I have basically a streaming setup, but I don't stream live. Instead, I record directly to my hard drive. What the streaming setup allows one to do, is use the computer to "on the fly" make the video youtube friendly. When you use a camcorder/iphone/gopro, etc, it records HUGE HUGE files. 5 minutes is like 2 GB of data. Its impossible to do anything with this footage online, unless you edit it in a movie editor, and then export it in a web friendly format. This (to me) is a pain in the ass and takes several hours for just a few minutes of footage.
When you have a streaming setup, the file size is like 300 MB for an hour of footage. And its good enough quality. And, its ready to go right to youtube. Its already in the right format.
The downside to the streaming setup is the learning curve, and the cost. Here is my setup for a Mac. I'm not familiar with what would be required for a Windows based setup.
1. Computer: Used 2011 iMac from ebay ($500). Must be quad core i5 or better, seriously. Must have Thunderbolt. This is the cheapest used Mac model that does.
2. Camera: Panasonic HC-V720 ($470 new) Any HD camera will work as long as it has HDMI output, and preferably manual controls for focus and white balance.

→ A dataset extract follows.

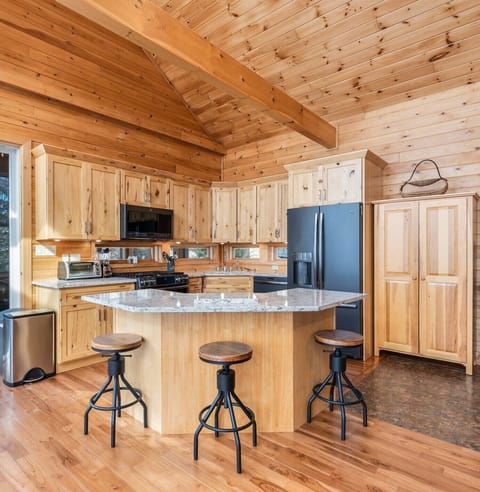 Breakfast Bar (Main House)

3. Blackmagic Mini Recorder ($145): This gets the signal into your computer from the HDMI output to the Thunderbolt input
4. Wirecast (cough, $500, cough ("free..."): This is the streaming software that will control the camera and what file size and quality you record at. There are other free software packages that do the same (Flash Media Encoder), but for an unknown as of yet reason to me, I have not been able to get the free ones to work for me.